Given data:
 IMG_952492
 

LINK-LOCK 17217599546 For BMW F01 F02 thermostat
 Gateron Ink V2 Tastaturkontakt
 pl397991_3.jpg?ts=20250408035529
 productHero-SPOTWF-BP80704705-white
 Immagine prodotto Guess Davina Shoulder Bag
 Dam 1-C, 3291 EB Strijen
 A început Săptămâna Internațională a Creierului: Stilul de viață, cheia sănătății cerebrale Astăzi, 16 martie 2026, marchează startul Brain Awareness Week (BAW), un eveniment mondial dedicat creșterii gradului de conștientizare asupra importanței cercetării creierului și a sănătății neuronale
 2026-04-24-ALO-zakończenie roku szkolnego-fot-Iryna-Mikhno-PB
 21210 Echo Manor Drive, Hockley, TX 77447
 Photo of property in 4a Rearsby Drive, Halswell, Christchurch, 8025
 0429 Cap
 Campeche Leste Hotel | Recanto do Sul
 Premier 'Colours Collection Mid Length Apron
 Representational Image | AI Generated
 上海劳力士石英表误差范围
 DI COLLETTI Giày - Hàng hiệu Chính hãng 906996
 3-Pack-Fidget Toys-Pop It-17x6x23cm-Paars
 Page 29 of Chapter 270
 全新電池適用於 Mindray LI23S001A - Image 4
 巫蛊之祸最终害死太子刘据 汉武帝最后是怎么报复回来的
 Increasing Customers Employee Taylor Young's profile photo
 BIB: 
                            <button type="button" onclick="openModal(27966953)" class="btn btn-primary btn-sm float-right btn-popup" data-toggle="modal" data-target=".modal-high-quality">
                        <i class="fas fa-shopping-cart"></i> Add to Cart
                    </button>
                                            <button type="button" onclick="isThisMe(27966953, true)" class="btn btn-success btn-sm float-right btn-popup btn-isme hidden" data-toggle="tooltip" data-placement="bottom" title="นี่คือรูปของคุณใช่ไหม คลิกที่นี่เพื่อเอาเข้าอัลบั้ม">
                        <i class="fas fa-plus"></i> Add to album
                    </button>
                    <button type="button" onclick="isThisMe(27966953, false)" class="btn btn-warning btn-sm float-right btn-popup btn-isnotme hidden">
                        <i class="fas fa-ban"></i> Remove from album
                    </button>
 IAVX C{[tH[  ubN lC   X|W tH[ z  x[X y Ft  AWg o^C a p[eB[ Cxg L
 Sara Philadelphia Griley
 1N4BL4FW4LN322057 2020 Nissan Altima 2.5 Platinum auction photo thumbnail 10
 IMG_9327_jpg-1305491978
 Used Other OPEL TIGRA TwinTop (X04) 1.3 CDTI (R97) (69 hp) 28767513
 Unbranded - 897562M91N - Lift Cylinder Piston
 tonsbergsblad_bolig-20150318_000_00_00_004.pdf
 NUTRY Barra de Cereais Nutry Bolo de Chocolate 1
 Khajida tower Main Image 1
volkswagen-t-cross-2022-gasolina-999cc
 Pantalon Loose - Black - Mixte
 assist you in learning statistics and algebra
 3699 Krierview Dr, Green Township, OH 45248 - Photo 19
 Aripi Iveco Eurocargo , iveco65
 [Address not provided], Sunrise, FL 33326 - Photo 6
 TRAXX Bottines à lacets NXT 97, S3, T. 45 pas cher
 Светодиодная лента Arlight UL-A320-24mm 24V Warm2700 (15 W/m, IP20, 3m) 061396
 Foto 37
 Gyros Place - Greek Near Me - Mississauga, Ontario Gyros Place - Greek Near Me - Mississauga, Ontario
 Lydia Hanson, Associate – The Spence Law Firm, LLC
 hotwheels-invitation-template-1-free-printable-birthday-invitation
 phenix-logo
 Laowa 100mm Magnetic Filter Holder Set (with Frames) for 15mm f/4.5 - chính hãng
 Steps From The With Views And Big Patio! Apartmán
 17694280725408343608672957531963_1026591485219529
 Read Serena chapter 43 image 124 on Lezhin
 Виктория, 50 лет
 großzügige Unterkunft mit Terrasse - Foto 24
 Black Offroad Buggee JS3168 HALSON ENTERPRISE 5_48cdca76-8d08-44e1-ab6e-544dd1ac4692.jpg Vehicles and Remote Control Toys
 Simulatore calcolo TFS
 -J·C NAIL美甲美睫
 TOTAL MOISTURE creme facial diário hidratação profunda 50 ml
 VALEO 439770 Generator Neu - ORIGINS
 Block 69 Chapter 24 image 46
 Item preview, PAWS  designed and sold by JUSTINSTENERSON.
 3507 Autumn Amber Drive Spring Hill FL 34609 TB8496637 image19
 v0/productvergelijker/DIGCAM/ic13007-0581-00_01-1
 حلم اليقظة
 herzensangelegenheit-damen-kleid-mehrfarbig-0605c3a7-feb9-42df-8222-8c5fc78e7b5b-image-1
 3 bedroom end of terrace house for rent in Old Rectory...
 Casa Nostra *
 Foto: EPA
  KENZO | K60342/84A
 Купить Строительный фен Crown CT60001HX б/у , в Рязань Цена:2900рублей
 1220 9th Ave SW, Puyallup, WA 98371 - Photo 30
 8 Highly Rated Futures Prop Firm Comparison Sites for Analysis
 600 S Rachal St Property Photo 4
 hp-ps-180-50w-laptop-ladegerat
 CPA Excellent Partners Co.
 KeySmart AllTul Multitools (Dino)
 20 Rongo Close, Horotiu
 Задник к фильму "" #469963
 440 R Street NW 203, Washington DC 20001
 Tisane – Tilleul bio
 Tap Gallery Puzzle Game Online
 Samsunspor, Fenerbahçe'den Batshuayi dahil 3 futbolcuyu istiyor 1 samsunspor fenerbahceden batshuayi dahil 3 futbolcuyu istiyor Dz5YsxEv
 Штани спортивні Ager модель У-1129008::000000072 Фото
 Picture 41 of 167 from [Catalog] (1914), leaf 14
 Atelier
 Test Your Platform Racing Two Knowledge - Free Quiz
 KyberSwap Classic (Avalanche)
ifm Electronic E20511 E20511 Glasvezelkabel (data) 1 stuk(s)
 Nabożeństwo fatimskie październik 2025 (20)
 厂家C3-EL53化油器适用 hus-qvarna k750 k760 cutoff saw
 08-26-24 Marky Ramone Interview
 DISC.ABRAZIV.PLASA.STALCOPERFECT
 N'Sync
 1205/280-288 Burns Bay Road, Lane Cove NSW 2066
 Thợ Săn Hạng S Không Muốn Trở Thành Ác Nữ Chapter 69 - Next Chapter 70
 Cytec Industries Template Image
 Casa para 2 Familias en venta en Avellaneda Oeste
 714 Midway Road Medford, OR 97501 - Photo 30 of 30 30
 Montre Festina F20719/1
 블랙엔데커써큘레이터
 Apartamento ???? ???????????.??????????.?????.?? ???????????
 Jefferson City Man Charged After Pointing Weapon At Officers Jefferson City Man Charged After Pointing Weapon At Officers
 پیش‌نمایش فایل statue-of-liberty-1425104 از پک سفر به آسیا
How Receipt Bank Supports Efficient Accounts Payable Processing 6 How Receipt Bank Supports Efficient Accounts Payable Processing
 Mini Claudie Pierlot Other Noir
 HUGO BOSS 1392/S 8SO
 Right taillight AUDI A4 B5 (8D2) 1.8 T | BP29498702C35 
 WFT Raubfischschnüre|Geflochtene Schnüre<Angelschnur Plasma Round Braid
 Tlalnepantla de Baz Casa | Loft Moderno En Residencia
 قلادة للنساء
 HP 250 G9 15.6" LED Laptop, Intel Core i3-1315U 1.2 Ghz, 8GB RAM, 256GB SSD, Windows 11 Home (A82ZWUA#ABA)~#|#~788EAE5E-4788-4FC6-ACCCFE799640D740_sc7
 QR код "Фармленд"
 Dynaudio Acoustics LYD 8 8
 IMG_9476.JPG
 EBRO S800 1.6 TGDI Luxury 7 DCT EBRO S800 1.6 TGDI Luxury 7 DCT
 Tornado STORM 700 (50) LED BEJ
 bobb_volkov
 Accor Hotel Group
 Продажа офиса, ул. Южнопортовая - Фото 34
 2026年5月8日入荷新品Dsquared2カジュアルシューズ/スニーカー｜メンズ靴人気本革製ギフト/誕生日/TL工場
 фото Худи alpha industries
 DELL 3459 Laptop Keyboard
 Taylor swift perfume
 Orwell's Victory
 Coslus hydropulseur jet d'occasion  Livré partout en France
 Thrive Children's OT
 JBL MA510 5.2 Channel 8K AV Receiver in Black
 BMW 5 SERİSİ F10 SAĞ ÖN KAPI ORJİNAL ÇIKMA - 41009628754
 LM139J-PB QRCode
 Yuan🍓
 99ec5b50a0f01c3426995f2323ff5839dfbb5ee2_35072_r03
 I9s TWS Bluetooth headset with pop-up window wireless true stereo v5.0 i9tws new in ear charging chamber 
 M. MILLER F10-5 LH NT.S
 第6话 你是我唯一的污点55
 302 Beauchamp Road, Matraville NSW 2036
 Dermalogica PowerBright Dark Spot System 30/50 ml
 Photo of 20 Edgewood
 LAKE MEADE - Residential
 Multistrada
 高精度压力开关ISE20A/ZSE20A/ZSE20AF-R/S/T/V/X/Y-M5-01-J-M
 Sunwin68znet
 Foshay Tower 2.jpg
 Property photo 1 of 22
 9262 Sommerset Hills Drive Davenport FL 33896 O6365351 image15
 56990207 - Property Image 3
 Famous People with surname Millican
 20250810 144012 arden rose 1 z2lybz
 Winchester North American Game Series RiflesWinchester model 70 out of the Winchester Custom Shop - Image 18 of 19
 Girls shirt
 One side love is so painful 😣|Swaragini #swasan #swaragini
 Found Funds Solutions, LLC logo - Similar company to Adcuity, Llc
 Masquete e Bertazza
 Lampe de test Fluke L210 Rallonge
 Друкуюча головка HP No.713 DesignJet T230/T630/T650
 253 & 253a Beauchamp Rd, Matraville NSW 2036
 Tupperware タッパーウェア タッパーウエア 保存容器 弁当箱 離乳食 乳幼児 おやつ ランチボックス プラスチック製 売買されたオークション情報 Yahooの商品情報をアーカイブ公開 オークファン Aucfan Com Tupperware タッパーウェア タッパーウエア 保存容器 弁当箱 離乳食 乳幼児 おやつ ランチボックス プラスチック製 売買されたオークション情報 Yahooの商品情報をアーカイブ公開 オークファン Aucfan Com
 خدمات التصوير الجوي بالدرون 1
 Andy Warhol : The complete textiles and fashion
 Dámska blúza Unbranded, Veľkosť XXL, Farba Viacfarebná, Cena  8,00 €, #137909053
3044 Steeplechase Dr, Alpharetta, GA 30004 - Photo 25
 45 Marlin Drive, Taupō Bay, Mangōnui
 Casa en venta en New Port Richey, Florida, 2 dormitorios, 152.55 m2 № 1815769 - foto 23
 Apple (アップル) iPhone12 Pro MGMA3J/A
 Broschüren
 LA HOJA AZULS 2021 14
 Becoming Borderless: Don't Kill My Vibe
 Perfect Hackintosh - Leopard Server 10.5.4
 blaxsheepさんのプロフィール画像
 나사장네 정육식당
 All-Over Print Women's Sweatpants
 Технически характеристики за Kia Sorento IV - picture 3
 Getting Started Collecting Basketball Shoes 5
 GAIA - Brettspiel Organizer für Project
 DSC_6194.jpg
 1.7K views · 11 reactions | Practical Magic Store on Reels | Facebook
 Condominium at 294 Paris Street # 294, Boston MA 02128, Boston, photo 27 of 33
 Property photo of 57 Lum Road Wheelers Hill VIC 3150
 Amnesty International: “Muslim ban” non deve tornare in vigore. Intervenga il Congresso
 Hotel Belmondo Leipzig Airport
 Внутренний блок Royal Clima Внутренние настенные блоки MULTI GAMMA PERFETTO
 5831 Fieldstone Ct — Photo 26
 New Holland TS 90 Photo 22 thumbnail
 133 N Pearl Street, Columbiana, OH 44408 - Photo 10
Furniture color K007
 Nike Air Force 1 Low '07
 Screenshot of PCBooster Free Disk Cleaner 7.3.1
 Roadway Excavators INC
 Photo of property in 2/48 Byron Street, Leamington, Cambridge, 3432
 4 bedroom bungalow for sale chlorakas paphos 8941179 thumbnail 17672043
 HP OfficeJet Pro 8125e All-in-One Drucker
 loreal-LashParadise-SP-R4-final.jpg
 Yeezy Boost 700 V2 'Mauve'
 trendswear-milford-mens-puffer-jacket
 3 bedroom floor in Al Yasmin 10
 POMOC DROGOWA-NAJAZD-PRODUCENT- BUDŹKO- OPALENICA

Task goal:
Reproduce word for word the material above, starting with the line that has "Winchester North American" and stopping after the line that has "Condominium at 294".

Solution:
 Winchester North American Game Series RiflesWinchester model 70 out of the Winchester Custom Shop - Image 18 of 19
 Girls shirt
 One side love is so painful 😣|Swaragini #swasan #swaragini
 Found Funds Solutions, LLC logo - Similar company to Adcuity, Llc
 Masquete e Bertazza
 Lampe de test Fluke L210 Rallonge
 Друкуюча головка HP No.713 DesignJet T230/T630/T650
 253 & 253a Beauchamp Rd, Matraville NSW 2036
 Tupperware タッパーウェア タッパーウエア 保存容器 弁当箱 離乳食 乳幼児 おやつ ランチボックス プラスチック製 売買されたオークション情報 Yahooの商品情報をアーカイブ公開 オークファン Aucfan Com Tupperware タッパーウェア タッパーウエア 保存容器 弁当箱 離乳食 乳幼児 おやつ ランチボックス プラスチック製 売買されたオークション情報 Yahooの商品情報をアーカイブ公開 オークファン Aucfan Com
 خدمات التصوير الجوي بالدرون 1
 Andy Warhol : The complete textiles and fashion
 Dámska blúza Unbranded, Veľkosť XXL, Farba Viacfarebná, Cena  8,00 €, #137909053
3044 Steeplechase Dr, Alpharetta, GA 30004 - Photo 25
 45 Marlin Drive, Taupō Bay, Mangōnui
 Casa en venta en New Port Richey, Florida, 2 dormitorios, 152.55 m2 № 1815769 - foto 23
 Apple (アップル) iPhone12 Pro MGMA3J/A
 Broschüren
 LA HOJA AZULS 2021 14
 Becoming Borderless: Don't Kill My Vibe
 Perfect Hackintosh - Leopard Server 10.5.4
 blaxsheepさんのプロフィール画像
 나사장네 정육식당
 All-Over Print Women's Sweatpants
 Технически характеристики за Kia Sorento IV - picture 3
 Getting Started Collecting Basketball Shoes 5
 GAIA - Brettspiel Organizer für Project
 DSC_6194.jpg
 1.7K views · 11 reactions | Practical Magic Store on Reels | Facebook
 Condominium at 294 Paris Street # 294, Boston MA 02128, Boston, photo 27 of 33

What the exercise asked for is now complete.